> [TASK DIRECTIONS]: The listing below contains a span that opens with the line containing "Plaza Huincul lanzó" and closes with the line containing "トミカ パトカー 事故処理車　18台まとめ売りのサムネイル". Return that span exactly.

> [THE RECORDS]:
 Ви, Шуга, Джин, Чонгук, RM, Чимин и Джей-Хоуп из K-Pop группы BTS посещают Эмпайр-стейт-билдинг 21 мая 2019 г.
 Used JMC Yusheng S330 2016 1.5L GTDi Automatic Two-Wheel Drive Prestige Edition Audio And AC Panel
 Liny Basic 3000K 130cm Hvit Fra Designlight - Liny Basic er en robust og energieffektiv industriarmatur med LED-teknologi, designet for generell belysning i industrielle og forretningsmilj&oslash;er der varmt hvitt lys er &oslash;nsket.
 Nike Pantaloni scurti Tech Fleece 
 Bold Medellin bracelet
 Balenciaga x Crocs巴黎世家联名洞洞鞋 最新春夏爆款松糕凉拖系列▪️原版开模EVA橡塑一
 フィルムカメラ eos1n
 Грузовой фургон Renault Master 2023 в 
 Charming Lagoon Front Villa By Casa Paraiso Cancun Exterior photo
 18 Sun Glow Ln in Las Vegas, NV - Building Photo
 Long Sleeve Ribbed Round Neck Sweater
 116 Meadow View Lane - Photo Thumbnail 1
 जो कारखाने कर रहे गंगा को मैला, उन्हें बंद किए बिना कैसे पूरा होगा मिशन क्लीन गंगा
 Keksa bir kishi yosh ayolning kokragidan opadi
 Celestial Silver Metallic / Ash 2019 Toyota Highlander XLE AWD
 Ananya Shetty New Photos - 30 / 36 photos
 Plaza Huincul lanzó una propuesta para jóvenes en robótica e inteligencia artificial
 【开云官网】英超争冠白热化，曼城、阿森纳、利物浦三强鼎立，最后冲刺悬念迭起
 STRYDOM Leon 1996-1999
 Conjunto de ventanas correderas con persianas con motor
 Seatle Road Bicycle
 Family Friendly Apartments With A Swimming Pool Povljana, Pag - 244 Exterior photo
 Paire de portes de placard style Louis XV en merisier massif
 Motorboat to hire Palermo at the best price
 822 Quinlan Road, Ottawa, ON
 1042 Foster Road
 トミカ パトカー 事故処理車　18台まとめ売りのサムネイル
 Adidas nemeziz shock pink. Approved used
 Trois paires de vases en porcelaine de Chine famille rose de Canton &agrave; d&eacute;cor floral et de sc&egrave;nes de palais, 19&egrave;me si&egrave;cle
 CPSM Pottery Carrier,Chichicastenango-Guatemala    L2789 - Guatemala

> [YOUR SOLUTION]:
 Plaza Huincul lanzó una propuesta para jóvenes en robótica e inteligencia artificial
 【开云官网】英超争冠白热化，曼城、阿森纳、利物浦三强鼎立，最后冲刺悬念迭起
 STRYDOM Leon 1996-1999
 Conjunto de ventanas correderas con persianas con motor
 Seatle Road Bicycle
 Family Friendly Apartments With A Swimming Pool Povljana, Pag - 244 Exterior photo
 Paire de portes de placard style Louis XV en merisier massif
 Motorboat to hire Palermo at the best price
 822 Quinlan Road, Ottawa, ON
 1042 Foster Road
 トミカ パトカー 事故処理車　18台まとめ売りのサムネイル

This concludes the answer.